**Goal of the exercise**
The entries that follow should be reproduced exactly, with no images carried over.

******

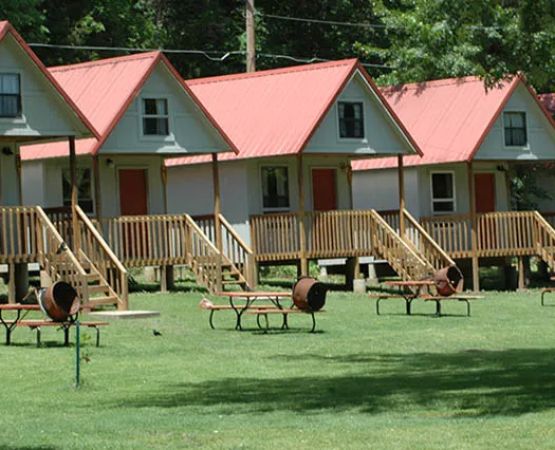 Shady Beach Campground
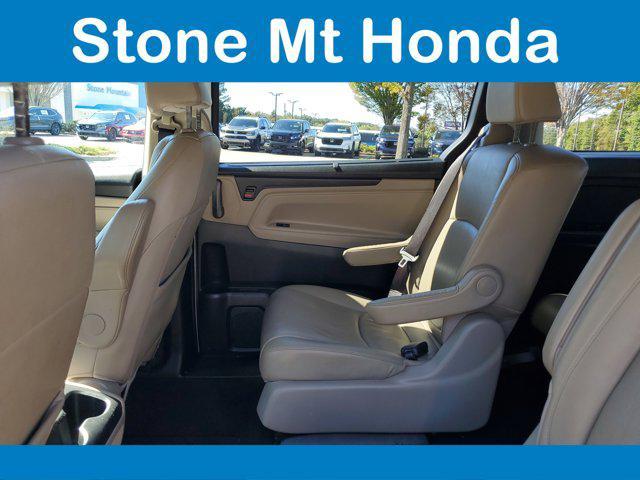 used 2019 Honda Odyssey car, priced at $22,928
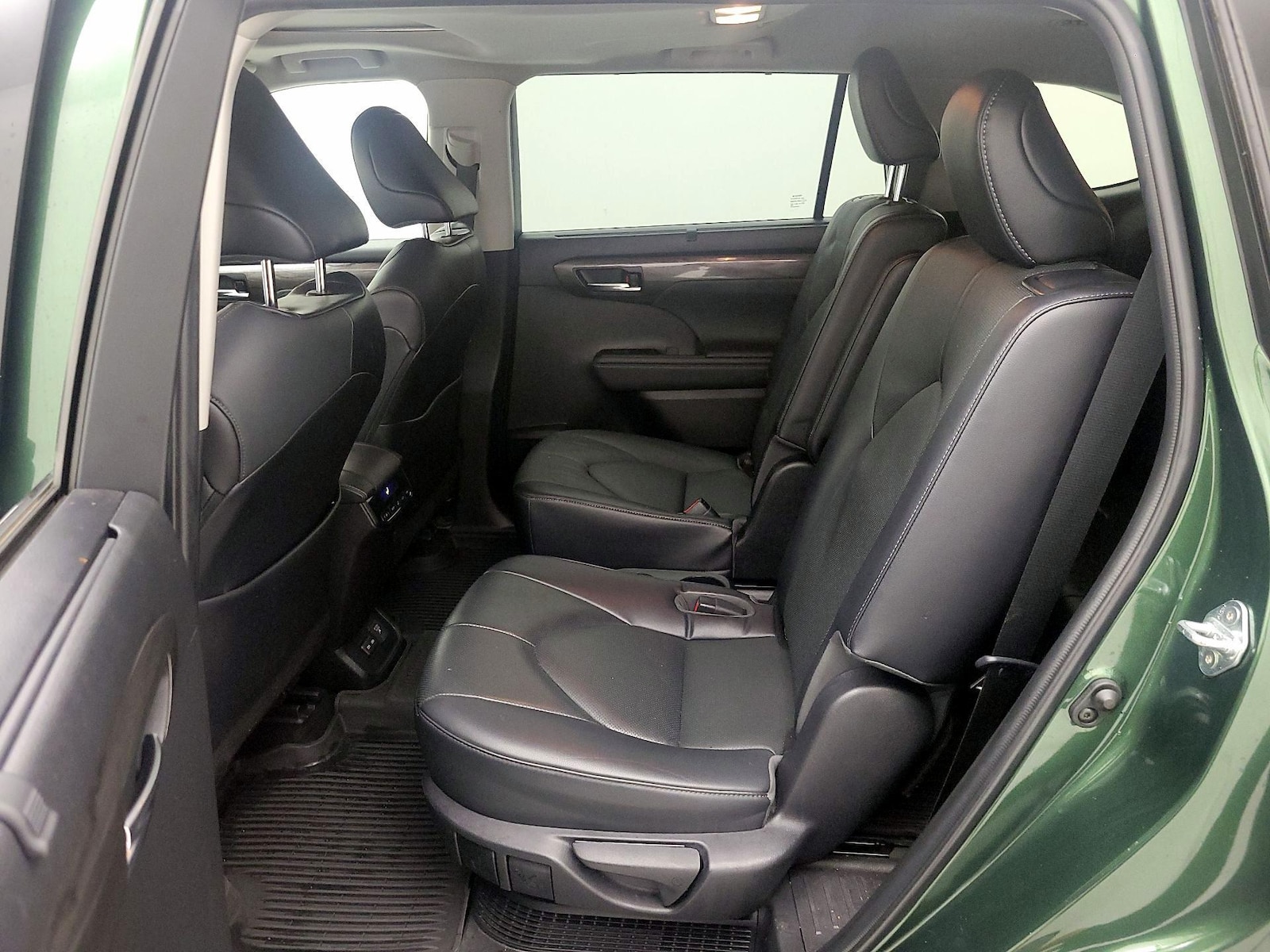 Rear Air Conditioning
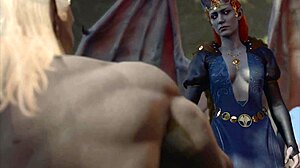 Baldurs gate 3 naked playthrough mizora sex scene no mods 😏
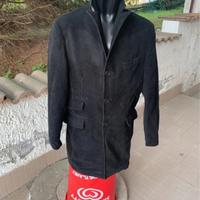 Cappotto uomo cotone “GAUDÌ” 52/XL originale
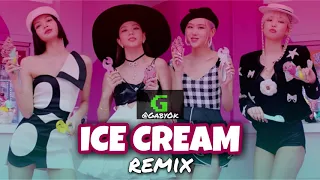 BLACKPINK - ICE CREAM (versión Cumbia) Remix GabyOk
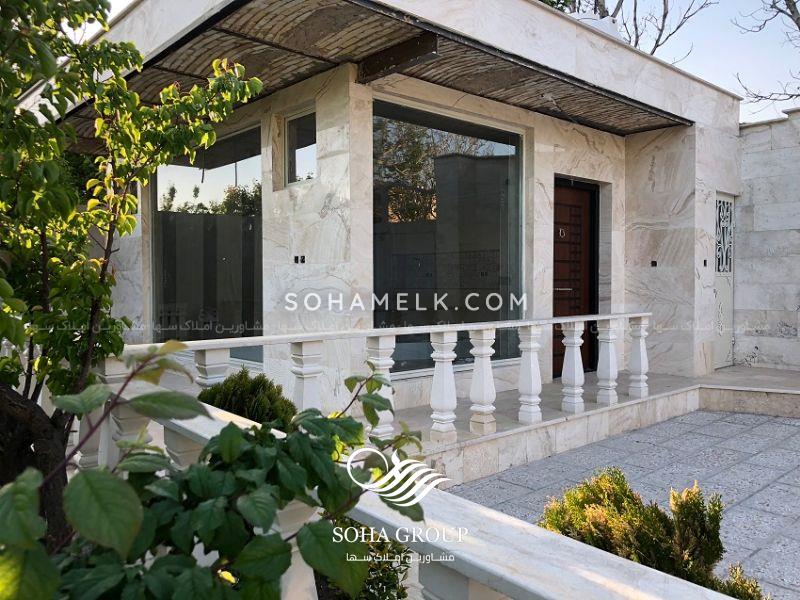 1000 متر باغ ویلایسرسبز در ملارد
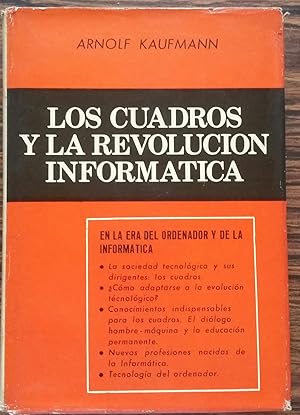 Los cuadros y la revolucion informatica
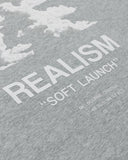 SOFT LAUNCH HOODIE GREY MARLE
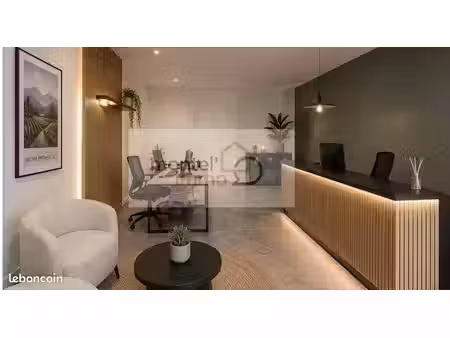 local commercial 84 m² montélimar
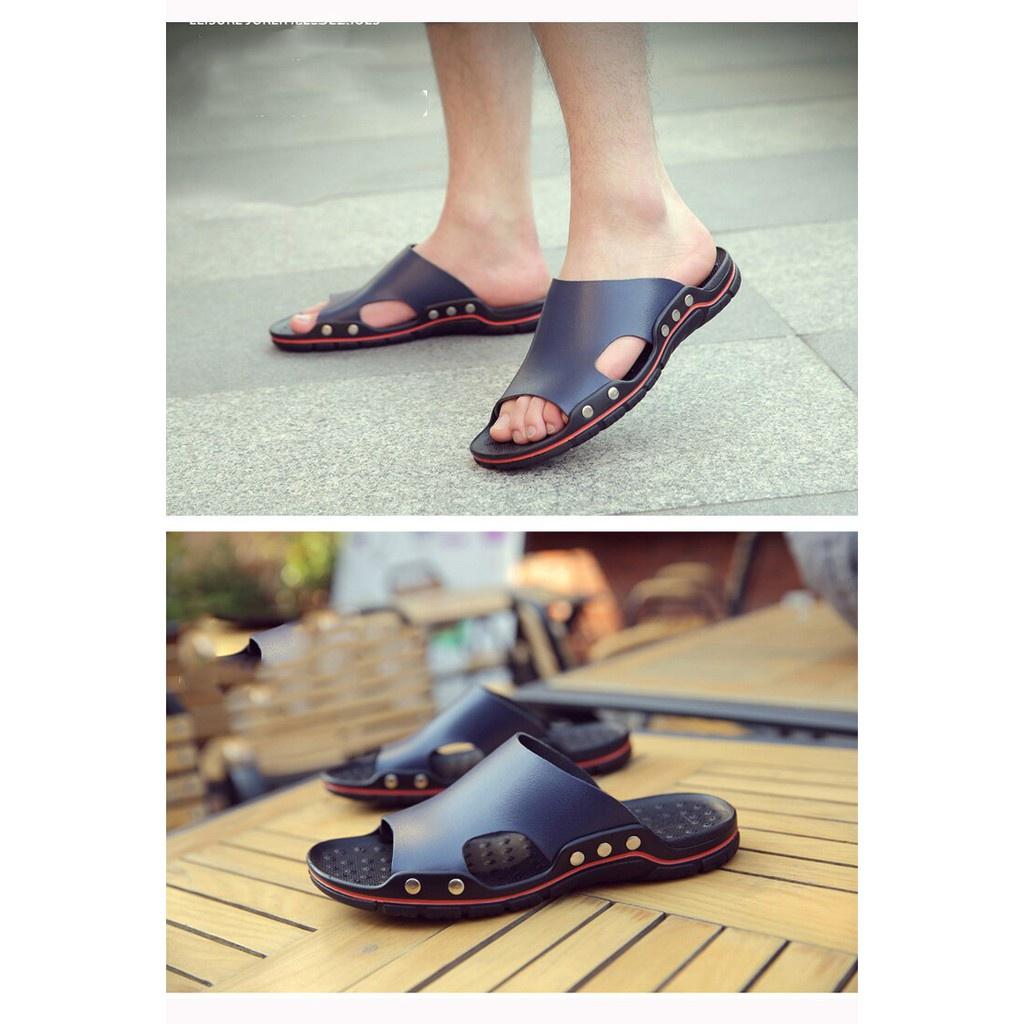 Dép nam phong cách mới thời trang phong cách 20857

******

**Written reply**
 Shady Beach Campground
 used 2019 Honda Odyssey car, priced at $22,928
 Rear Air Conditioning
 Baldurs gate 3 naked playthrough mizora sex scene no mods 😏
 Cappotto uomo cotone “GAUDÌ” 52/XL originale
 BLACKPINK - ICE CREAM (versión Cumbia) Remix GabyOk
 1000 متر باغ ویلایسرسبز در ملارد
 Los cuadros y la revolucion informatica
 SOFT LAUNCH HOODIE GREY MARLE
 local commercial 84 m² montélimar
 Dép nam phong cách mới thời trang phong cách 20857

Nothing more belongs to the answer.